Again, for me it has turned out completely different from what I thought a few weeks ago when I fell victim to all the badmouthing of Costner since the mid-90´s and not even watched his movies anymore.

Now that I did give those movies a chance I know: Costner always gives quality performances and allows the stories and his characters shades of grey other superstars never do. Yes, Costner seems to embody those traditional qualities which nowadays are sniggered at as “cringe” because they aren’t cool enough.

But I hope his qualities are what will endure.

As for “Swing Vote”, a comedy about how both political parties are eager to sell their ideals just to win, even if they are courting a voter (Costner) who is dumb, lazy and politically uninterested, the film seems to be ahead of its time. It still has a nice open ending with hope, and the two presidential candidates are basically decent and intelligent - the kind of America one still longs for.

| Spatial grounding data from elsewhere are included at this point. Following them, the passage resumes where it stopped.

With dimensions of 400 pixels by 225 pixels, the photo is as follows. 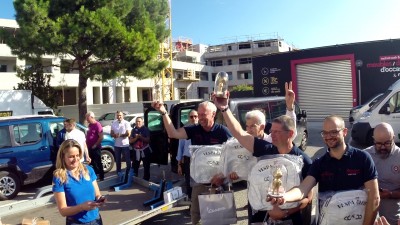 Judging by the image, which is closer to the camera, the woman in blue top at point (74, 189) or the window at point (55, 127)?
the woman in blue top at point (74, 189)

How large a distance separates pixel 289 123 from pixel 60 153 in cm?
203

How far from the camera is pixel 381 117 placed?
11.5m

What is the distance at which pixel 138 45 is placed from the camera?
2041 cm

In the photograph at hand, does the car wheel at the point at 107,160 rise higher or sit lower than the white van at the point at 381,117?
lower

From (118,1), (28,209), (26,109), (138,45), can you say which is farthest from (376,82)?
(28,209)

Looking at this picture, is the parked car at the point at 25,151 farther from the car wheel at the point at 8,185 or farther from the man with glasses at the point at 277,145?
the man with glasses at the point at 277,145

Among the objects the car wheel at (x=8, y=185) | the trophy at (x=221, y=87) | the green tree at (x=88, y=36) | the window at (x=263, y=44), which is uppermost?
the window at (x=263, y=44)

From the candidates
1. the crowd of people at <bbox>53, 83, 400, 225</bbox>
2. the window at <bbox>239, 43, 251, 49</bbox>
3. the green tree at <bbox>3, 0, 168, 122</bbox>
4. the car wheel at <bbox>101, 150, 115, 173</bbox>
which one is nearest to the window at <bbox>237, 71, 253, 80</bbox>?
the window at <bbox>239, 43, 251, 49</bbox>

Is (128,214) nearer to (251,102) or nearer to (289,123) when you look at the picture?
(289,123)

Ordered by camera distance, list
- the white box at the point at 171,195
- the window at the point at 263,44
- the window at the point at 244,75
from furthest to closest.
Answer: the window at the point at 244,75 → the window at the point at 263,44 → the white box at the point at 171,195

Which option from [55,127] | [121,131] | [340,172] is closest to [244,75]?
[121,131]

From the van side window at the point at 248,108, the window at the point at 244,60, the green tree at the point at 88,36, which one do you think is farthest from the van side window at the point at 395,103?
the window at the point at 244,60

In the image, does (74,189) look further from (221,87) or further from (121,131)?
(121,131)

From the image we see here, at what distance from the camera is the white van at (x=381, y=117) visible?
11.3 meters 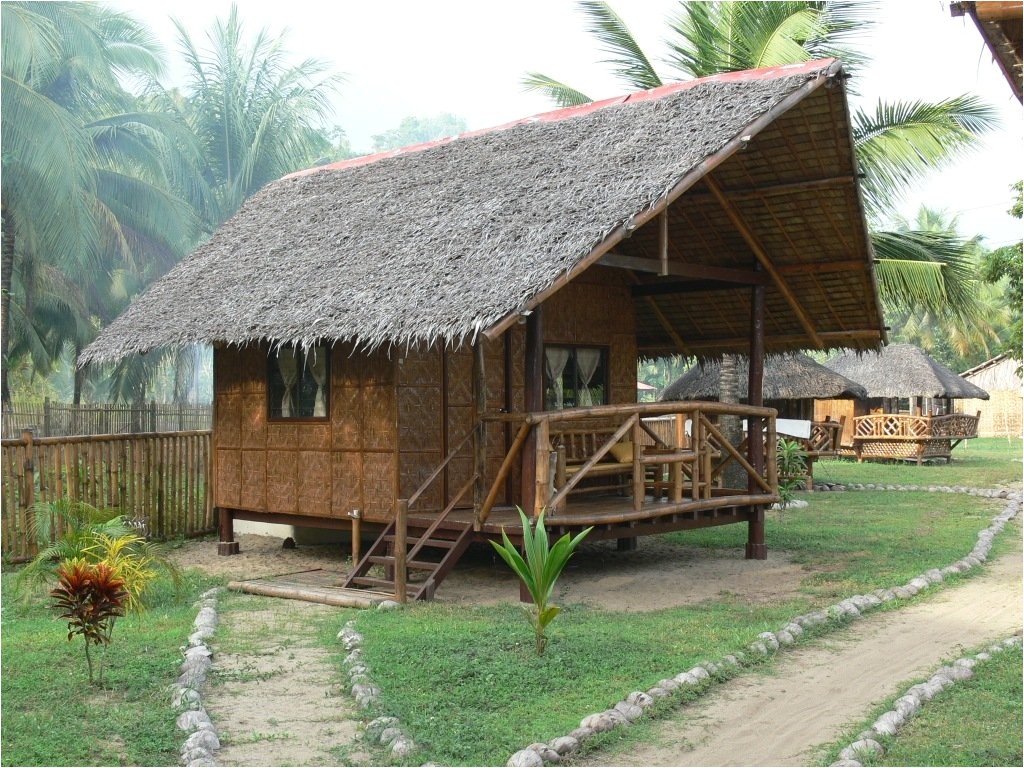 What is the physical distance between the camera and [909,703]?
5895 millimetres

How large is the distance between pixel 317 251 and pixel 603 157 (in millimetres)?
3096

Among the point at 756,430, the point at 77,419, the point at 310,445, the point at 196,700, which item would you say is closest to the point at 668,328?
the point at 756,430

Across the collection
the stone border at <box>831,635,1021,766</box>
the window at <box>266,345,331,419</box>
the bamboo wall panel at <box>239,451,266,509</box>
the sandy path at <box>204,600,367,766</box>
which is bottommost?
the sandy path at <box>204,600,367,766</box>

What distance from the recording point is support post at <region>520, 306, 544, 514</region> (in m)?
9.16

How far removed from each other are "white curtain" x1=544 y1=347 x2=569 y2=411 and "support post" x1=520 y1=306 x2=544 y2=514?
7.45 feet

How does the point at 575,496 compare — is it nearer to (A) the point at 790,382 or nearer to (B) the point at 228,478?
(B) the point at 228,478

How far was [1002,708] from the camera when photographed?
19.5 feet

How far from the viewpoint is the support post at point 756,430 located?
38.0 ft

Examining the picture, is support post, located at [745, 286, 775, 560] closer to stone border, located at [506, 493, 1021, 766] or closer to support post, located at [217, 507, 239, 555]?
stone border, located at [506, 493, 1021, 766]

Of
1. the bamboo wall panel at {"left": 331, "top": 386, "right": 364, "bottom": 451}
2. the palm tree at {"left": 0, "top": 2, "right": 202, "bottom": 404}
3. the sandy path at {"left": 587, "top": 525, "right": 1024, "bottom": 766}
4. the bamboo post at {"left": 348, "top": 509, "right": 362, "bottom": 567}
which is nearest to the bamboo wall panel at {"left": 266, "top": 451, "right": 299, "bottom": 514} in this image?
the bamboo wall panel at {"left": 331, "top": 386, "right": 364, "bottom": 451}

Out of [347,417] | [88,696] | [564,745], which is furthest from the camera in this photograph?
[347,417]

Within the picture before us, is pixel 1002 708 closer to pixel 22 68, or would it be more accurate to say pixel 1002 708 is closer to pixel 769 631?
pixel 769 631

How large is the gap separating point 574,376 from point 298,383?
9.69 ft

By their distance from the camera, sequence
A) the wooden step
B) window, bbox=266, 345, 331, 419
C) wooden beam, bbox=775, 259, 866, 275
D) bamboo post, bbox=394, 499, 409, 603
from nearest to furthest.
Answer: bamboo post, bbox=394, 499, 409, 603 < the wooden step < window, bbox=266, 345, 331, 419 < wooden beam, bbox=775, 259, 866, 275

And “Waterworld”, in the three hour “Ulysses Cut” (with deleted scenes inserted) - well, even if is clearly “Mad Max on the open sea”, it is hugely impressive, considering that CGI was not there yet and everything had to be done for real, on the open sea. There is one huge setpiece in the first half which must have been mind-blowingly complicated to film, with all these extras, big sets, stunts, explosions, and Costner doing things which seem on a Tom Cruise-level dangerous. I do prefer the tighter cinema version, but even with the padded running time of this cut, the film is terrific entertainment. And once again proof that the press was out to get him. Just as it is right now with “Horizon” (terrible articles in THR and Variety, really despicable hate-mongering there).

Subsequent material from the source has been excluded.